Моему отцу, ленинградскому поэту Владимиру Лифшицу, было не впервой надевать военную форму. В качестве фронтового журналиста он участвовал в так называемом «освобождении» Западной Белоруссии в 1939 году, а потом и в настоящей войне — финской кампании 1940 года. Отечественную он начал политруком батальона. После разгрома народного ополчения под Ленинградом отец вывел, лесами и болотами, остатки своего батальона из немецкого окружения. Потом он снова стал фронтовым журналистом. До начала сорок четвертого года служил на Ленинградском фронте, был дважды награжден за храбрость, однажды ранен. Не столько по его рассказам (он был человек сдержанный), сколько по рассказам его друга, художника Б. Ф. Семенова, я знаю, что его невзлюбили в политуправлении фронта как «заносчивого еврея» — это известный факт, что расцветший после войны государственный антисемитизм зарождался еще в военные годы. От отца избавились, как только представился случай. Случай был такой. Судьба свела на один вечер вместе отца с несколькими приятелями, тоже фронтовыми журналистами. В том числе с его близким другом и ментором, поэтом Александром Гитовичем. Крепко выпив, Гитович начал по-гусарски палить из пистолета то ли в бубнового туза, то ли по пустым бутылкам, о каковом буйстве на следующий день кто-то донес начальству. Преступление было невелико, никто всерьез не пострадал. Гитович, опохмелившись, вернулся в свою редакцию, а вот моего отца за недонесение перевели из армии, с которой он за три года сроднился, на Третий Украинский фронт. Последним материалом, который он сдал в свою газету перед отъездом, был агитационный стишок, каких он за годы войны написал немало. Вот этот:
Амбразуры переднего края,
Разметав пред собою снега,
Многотрудные дни вспоминая,
Исподлобья глядят на врага.
Ясный месяц укрылся за тучей,
Подремать, как солдат в блиндаже.
Обжигает нас ветер колючий.
Мы стоим на своем рубеже.
Ночь ракеты, как звезды, швыряет,
И гудит, и крадется, как тать.
Огоньками во мраке шныряет,
Свистнет, грохнет — и стихнет опять…
Всё, чем полнится сердце солдата,
Он расскажет теперь земляку.
Есть жена у него и ребята,
Мать на дальнем живет берегу…
— Поскорей бы ударить, товарищ!
Оглушить пруссака — и под лед!.. —
Это пепел далеких пожарищ
Тлеет в сердце и к мести зовет.
Если грянет приказ — «В наступленье!» —
Лес каленых заблещет штыков,
И дрожат в боевом нетерпенье
Флаги доблестных наших полков.
Шевельнутся солдаты во мраке
И шагнут через пламя и дым.
Цель такая у нас, что в атаке,
Если надо, — и жизнь отдадим!
Надо полагать, отцу здорово повезло, что военные цензоры были людьми не искушенными в версификационных играх. Потому что это стихотворение — акростих. Инициалы строк складываются во фразу: АРМИЯ ПОМНИ О СВОЕМ ПОЭТЕ ЛИФШИЦЕ.

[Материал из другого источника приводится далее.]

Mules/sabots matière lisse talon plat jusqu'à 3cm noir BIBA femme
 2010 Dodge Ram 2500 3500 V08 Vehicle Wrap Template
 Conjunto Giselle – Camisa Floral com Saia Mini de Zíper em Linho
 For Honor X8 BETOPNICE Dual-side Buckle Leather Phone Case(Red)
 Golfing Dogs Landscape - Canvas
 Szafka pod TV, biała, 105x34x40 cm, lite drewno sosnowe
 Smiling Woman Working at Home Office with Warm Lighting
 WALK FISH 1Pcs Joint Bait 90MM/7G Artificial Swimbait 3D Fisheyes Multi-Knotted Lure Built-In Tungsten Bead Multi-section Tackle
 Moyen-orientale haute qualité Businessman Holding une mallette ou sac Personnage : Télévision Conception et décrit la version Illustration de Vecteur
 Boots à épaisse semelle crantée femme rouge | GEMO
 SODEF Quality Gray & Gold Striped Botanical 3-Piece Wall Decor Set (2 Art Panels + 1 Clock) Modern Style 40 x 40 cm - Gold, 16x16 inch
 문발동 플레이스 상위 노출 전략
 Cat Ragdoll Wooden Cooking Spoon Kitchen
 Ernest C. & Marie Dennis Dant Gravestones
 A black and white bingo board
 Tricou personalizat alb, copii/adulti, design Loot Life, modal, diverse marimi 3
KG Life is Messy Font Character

Ничего подрывного в этой фразе, конечно, нет, но сам по себе факт помещения закодированного послания во фронтовой газете в военное время мог бы привести к очень тяжелым последствиям, если бы его раскрыли.
Четыре года самой страшной войны двадцатого века были самым лучшим временем в сознательной жизни моего отца. До войны были тридцатые годы, шизофреническое время для начинающего жизнь интеллигента. Страх уживался с беззаботностью. За ночь мог исчезнуть приятель-сверстник или чтимый старший товарищ, как Николай Алексеевич Заболоцкий. Поверить в то, что они были прежде затаившимися шпионами и саботажниками, было невозможно, но не умещалось в сознании и то, что СССР может быть чем-то иным, нежели страной социальной справедливости, готовой прийти на помощь униженным и оскорбленным всего мира. В литературе устанавливался бюрократический режим, которым верховодили неумные, недобрые, неталантливые люди. Но можно было весело дразнить их пародиями и эпиграммами, правда, все меньше в печати, все больше в домашних альбомах.[1] Война, казалось, покончила с этим двусмысленным существованием. Когда 13 декабря 1943 года отцу и его ближайшим друзьям-поэтам, Вадиму Шефнеру, Анатолию Чивилихину и Александру Гитовичу, приехавшим с разных фронтов, удалось встретиться в осажденном Ленинграде в гостинице «Астория», они составили там «Асторийскую декларацию», где, в частности, писали: «3. Наша дружба, подвергавшаяся гонениям в предвоенные годы, оказалась одной из тех сил, которые помогли нам в труднейшие дни войны и блокады служить своему Отечеству. 4. Наши творческие принципы продолжают быть простыми и ясными: писать правду („Не лги самому себе, и ты не будешь лгать другим“). В 1940 году Юрий Николаевич Тынянов сказал нам: „Я знаю, за что вы боретесь: вы боретесь за то, чтобы вернуть поэзии утраченную цену слова“. Мы отнюдь не желаем, чтобы на поэзию наших лет распространилась оценка: „…многое исчезло: совесть, чувство, такт, мера, ум, растет словесный блуд“. 5. Пользуясь милостью судьбы, которая свела нас в третий год войны здесь, в 124 неотапливаемом номере „Астории“, мы подтверждаем крепость нашей дружбы и нашу решимость бороться за правдивое и высокое советское искусство».[2]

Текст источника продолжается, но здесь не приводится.